Our study has explored whether supervised machine learning techniques can automatically determine the severity of incoming complaints. Our results showed that severity was best predicted with a straightforward text classification approach using the bag-of-words feature representation. We combined the severity predictions with word n-grams to create an overview of the most urgent complaints per individual health care provider. An overview based on the severity of the complaints could help the inspectorate in prioritizing health care providers with potential patient safety problems.

The sentiment features were not helpful in predicting the severity of the complaints. A possible explanation for this is that we are still far from achieving accurate automatic sentiment predictions [28] and that the sentiment scores were not sufficiently reliable. On the other hand, our hypothesis that severe complaints contain more negative emotions could be at fault as well. This aspect needs further investigation.

Comparison With Other Studies

Greaves and colleagues [3] showed that text mining techniques can be used to label online patient reviews of health care providers as positive or negative, and to extract information about the opinions on aspects of care quality. Several studies [4,29,30] use text mining techniques like text classification, topic modeling, and sentiment detection on online health care provider reviews to explore which topics are indicative of perceived health care quality by patients.
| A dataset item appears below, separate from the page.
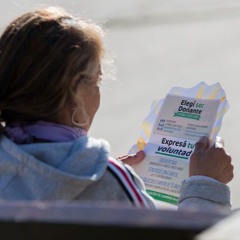 Guillermina Krenz-Río Negro concientiza para salvar vidas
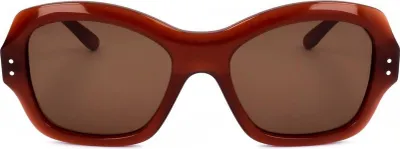 Produktbild von Epoca E4007 Brown 57/21/140 Uni Sonnenbrillen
We focused on labeling the severity of the complaints, whereas these studies focused on patient opinions and sentiments using fine-grained doctor visit–related topics in the online reviews. An interesting path for future work would be to extend the current severity label to a more fine-grained severity label that combines severity with the type of complaint to create an automatic method similar to that established by Brereton et al [31] who performed a manual qualitative analysis of negative reviews to identify the most frequent actionable criticisms in patient reviews of hospices.

Lui et al [32] combined a data-driven topic modeling approach with expert knowledge to create a topic taxonomy of medical practitioner reviews. Their analysis of a large data set of reviews also showed that patients with different diseases focus on other topics. In our current study, we did not diversify our results for different sectors, but this would certainly be one of the aspects to investigate in future work.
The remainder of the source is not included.